La Nación
Reimaginar la Escuela 1 1 julio, 2022
COLUMNISTAS OPINIÓN

Reimaginar la Escuela

Obert Alejandro Ortiz

 

El lunes anterior se llevó a cabo la tercera conversación: “evaluar para avanzar-alianzas que ayudan a tener un cambio profundo en la educación”. Esto con motivo de la ejecución de la política pública evaluar para avanzar que lidera el Ministerio de Educación Nacional y que tiene como reto principal que docentes, rectores, padres de familia, aliados y los educandos tengan en su proceso educativo el enfoque de evaluación y evaluación formativa para garantizar la calidad de la educación y el cierre de brechas educativas.

Es un cambio de paradigma fundamental. Tanto así, que ya a la fecha se han podido evaluar a 4.200.000 estudiantes en el país y se tienen unos insumos fundamentales con los resultados obtenidos. Además de los 170 mil maestros vinculados a la práctica de la herramienta de evaluación implementada con esta política pública. Proceso que se ha llevado con formularios impresos, en línea y combinación de las dos.

El punto no ha sido sólo la evaluación, sino que detrás de la estrategia van otros componentes que permiten la evaluación, no sólo de habilidades básicas, sino de habilidades socioemocionales que esta pandemia agudizó. Estamos en un nuevo escenario. Pues tanto el Instituto colombiano para la evaluación de la educación-Icfes, ministerio de educación, secretarías de educación, territorios y ahora el banco mundial que se suma con un gran empréstito y otros aliados estratégicos; se fortalecerá la política pública.

Todo ello, con el fin de reconstruir la escuela, generar respuestas pedagógicas renovadas, enfrentar retos, desafíos, oportunidades de educación, articulación, pertinencia, personalizar aprendizaje en el estudiante y valorarlo como líder de su propio rendimiento, hacer que el maestro se repiense en las capacidades del estudiante y no desde el rol de dictador docente, papel de las secretarías, entre otros aspectos.

Es decir, lo fundamental es comprender el poder de la evaluación, para que, a partir de los resultados, se tomen medidas y los niños aprendan mejor.

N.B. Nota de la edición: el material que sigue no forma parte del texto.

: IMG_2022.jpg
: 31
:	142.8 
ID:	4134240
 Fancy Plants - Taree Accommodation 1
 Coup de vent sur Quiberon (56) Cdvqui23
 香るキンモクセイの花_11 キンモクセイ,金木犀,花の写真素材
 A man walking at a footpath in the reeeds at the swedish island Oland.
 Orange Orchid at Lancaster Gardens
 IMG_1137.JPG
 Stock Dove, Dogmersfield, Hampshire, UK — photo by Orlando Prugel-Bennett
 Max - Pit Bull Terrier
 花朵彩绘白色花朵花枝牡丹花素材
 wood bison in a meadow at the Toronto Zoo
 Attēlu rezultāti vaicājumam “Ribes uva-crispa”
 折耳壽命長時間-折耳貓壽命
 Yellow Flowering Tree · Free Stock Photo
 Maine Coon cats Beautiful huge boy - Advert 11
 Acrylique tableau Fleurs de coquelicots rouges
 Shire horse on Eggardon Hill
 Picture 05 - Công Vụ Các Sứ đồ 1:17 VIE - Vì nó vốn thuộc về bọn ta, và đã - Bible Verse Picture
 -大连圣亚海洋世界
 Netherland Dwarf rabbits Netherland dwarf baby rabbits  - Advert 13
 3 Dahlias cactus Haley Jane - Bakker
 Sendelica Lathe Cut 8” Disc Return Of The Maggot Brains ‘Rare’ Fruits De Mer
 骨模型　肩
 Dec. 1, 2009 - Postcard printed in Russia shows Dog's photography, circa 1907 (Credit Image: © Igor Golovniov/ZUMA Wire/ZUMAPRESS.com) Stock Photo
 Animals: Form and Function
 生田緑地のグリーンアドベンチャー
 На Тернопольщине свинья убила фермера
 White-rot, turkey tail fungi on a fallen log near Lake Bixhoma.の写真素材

Insisto, es una verdadera revolución, en la que ningún maestro puede estar por fuera y que la comunidad debe conocer y participar. Tiene que comprender el poder de la evaluación, herramientas, estrategia, mecanismos, movilizaciones, sistemas de información, metodología, capacidades de gestión, análisis en redes, mediaciones y materiales dispuestos para potenciar, no sólo habilidades básicas sino también socioemocionales (mejorar aprendizajes). Implica imaginar futuros para convertirlos en posibilidades realizables y que los niños reciban una educación pertinente y con modificación de estructuras innovadoras, precisamente en su aprendizaje.

No es posible que los niños impulsados por esta pandemia (tal vez como excusa), abandonen el sistema educativo, se casen tempranamente, aumenten sus problemas de salud mental, lleguen con hambre a la escuela, aumenten la brecha de desigualdad, revolucionen la conflictividad, no aprendan a leer ni escribir, en general, aumenten la brecha de pobreza escolar o pobreza de aprendizaje. Indispensable la recuperación de los aprendizajes como tarea urgente y con el privilegio de la enseñanza focalizada. Reto no fácil. Pero no es sólo tarea de docentes. Involucra a padres, directivos docentes, institucionalidad y sociedad en general. A buena hora la consolidación de la estrategia evaluar para avanzar y la vinculación a toda marcha de la Secretaría de Educación de Neiva.